I bring that up because compliance matters trickle down slowly if at all in larger banks.
It sounds like he already went around with this issue with escrow and they said 'fine'.
1. When a DU is run for the customer, a typical requirement message is this:
"Documentation evidencing the borrower's identity is required." I know, that opens questions..
2. "The Agencies wish to emphasize that a bank’s CIP [Customer Identification Program] must include risk-based procedures for verifying the identity of each customer to the extent reasonable and practicable. It is critical that each bank develop procedures to account for all relevant risks including those presented by the types of accounts maintained by the bank, the various methods of opening accounts provided, the type of identifying information available, and the bank’s size, location, and type of business or customer base.

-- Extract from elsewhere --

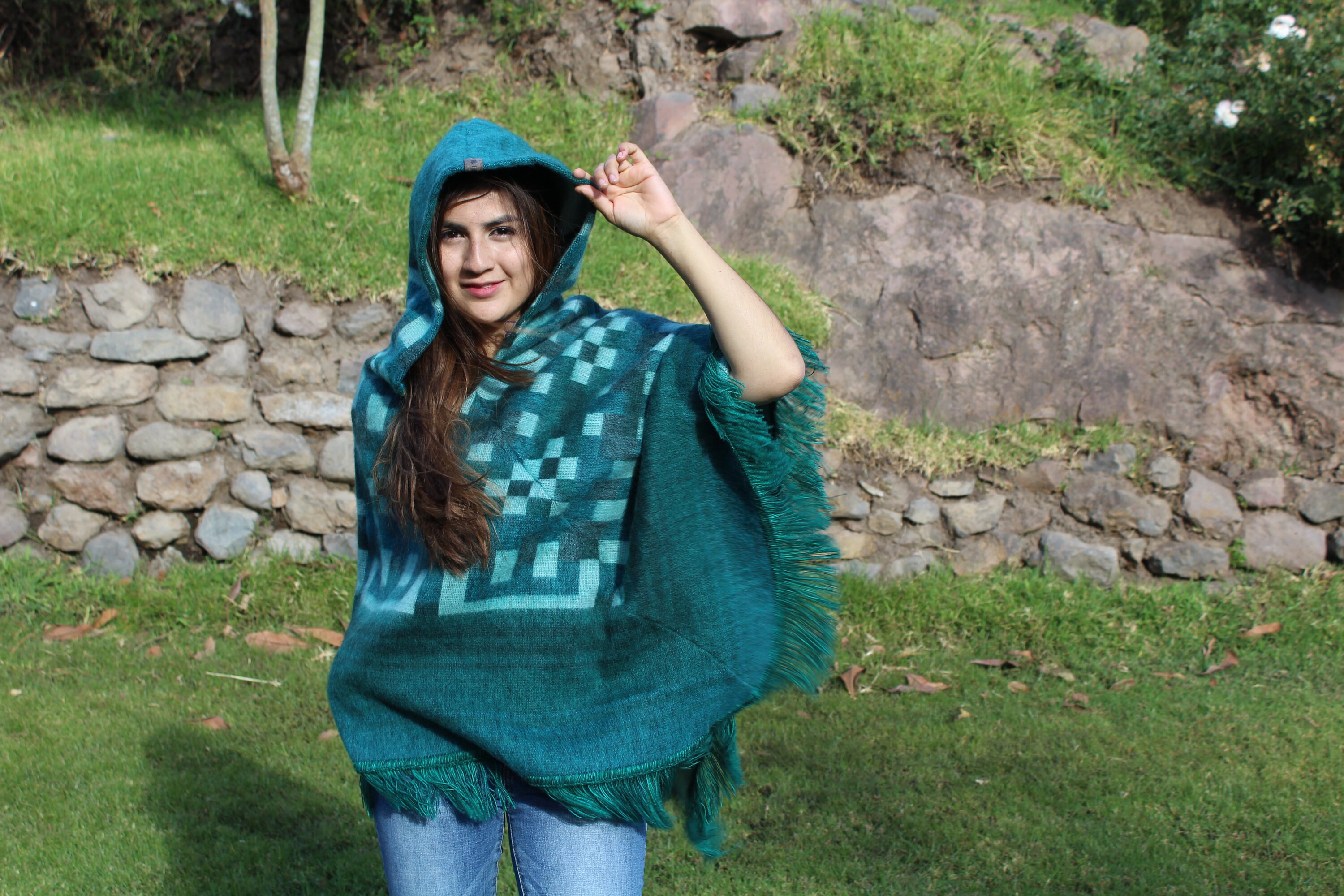 Boho Fringe Cozy Pullover Poncho | Ethnic Andes Poncho | Cute Alpaca Fashion Gift | Woman Alpaca Apparel | Warm Hippie Alpaca Poncho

Thus, specific minimum requirements in the rule, such as the four basic types of information to be obtained from each customer, should be supplemented by risk-based verification procedures, where appropriate, to ensure that the bank has a reasonable belief that it knows each customer’s identity.
http://www.fdic.gov/news/news/financial/2005/fil3405a.html
See within the above:
31 C.F.R. § 103.121(b)(2)(ii) -- Customer verification
1.Must a bank verify the accuracy of all of the identifying information it collects in connection with 31 C.F.R. § 103.121(b)(2)(i)?
"The final rule provides that a bank’s CIP must contain procedures for verifying the identity of the customer, “using the information obtained in accordance with paragraph (b)(2)(i),” namely the identifying information obtained by the bank. 31 C.F.R. § 103.121(b)(2)(ii). A bank need not establish the accuracy of every element of identifying information obtained but must do so for enough information to form a reasonable belief it knows the true identity of the customer. See 68 FR 25090, 25099 (May 9, 2003). (January 2004)"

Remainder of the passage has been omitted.